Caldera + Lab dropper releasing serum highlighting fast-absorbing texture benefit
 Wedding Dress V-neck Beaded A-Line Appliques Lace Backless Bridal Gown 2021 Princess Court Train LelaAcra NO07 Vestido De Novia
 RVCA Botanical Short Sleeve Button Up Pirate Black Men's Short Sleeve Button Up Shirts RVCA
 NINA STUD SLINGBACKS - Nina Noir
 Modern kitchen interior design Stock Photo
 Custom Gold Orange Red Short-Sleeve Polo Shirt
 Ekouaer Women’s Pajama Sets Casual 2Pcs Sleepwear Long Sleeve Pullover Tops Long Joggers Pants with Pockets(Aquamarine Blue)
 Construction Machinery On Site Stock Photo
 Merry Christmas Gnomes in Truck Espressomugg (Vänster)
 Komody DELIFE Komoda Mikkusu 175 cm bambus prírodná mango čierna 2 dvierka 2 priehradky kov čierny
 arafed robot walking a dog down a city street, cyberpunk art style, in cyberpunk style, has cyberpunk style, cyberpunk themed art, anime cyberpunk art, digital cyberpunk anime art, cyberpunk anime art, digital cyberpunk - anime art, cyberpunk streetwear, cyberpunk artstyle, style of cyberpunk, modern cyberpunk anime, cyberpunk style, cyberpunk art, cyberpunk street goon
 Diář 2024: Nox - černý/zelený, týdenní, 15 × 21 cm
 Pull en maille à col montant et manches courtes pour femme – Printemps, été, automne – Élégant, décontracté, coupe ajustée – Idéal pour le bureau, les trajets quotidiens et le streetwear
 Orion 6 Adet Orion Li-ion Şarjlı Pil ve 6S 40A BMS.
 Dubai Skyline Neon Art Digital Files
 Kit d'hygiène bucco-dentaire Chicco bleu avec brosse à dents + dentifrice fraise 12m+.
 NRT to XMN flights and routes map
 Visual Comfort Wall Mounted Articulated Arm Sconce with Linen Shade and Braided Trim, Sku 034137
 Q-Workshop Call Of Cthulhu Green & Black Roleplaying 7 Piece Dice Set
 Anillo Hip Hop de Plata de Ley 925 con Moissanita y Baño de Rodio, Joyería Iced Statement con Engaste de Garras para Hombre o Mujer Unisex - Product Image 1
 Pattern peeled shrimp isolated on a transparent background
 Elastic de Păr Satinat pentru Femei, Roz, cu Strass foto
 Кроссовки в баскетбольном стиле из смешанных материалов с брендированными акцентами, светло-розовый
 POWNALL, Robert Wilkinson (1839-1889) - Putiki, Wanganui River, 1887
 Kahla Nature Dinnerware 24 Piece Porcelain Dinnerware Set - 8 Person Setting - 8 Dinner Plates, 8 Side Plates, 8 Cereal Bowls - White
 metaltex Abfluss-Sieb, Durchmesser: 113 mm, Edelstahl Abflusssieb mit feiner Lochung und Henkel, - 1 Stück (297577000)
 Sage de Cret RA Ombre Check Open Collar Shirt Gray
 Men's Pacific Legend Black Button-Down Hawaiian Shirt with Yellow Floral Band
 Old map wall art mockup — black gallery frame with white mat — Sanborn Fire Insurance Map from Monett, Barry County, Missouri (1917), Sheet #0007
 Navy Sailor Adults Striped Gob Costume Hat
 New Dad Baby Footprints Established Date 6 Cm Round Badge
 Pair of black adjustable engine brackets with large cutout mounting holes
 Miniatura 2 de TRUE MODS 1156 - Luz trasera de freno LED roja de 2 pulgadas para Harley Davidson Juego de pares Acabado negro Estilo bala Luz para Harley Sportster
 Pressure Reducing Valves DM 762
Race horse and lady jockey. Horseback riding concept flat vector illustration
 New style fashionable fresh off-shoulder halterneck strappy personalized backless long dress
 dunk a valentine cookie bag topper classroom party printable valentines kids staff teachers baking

** Exercise **
Copy every line of the data above, beginning with the first and ending with the line that contains "Dubai Skyline Neon Art Digital Files", and give nothing more.

** Written answer **
Caldera + Lab dropper releasing serum highlighting fast-absorbing texture benefit
 Wedding Dress V-neck Beaded A-Line Appliques Lace Backless Bridal Gown 2021 Princess Court Train LelaAcra NO07 Vestido De Novia
 RVCA Botanical Short Sleeve Button Up Pirate Black Men's Short Sleeve Button Up Shirts RVCA
 NINA STUD SLINGBACKS - Nina Noir
 Modern kitchen interior design Stock Photo
 Custom Gold Orange Red Short-Sleeve Polo Shirt
 Ekouaer Women’s Pajama Sets Casual 2Pcs Sleepwear Long Sleeve Pullover Tops Long Joggers Pants with Pockets(Aquamarine Blue)
 Construction Machinery On Site Stock Photo
 Merry Christmas Gnomes in Truck Espressomugg (Vänster)
 Komody DELIFE Komoda Mikkusu 175 cm bambus prírodná mango čierna 2 dvierka 2 priehradky kov čierny
 arafed robot walking a dog down a city street, cyberpunk art style, in cyberpunk style, has cyberpunk style, cyberpunk themed art, anime cyberpunk art, digital cyberpunk anime art, cyberpunk anime art, digital cyberpunk - anime art, cyberpunk streetwear, cyberpunk artstyle, style of cyberpunk, modern cyberpunk anime, cyberpunk style, cyberpunk art, cyberpunk street goon
 Diář 2024: Nox - černý/zelený, týdenní, 15 × 21 cm
 Pull en maille à col montant et manches courtes pour femme – Printemps, été, automne – Élégant, décontracté, coupe ajustée – Idéal pour le bureau, les trajets quotidiens et le streetwear
 Orion 6 Adet Orion Li-ion Şarjlı Pil ve 6S 40A BMS.
 Dubai Skyline Neon Art Digital Files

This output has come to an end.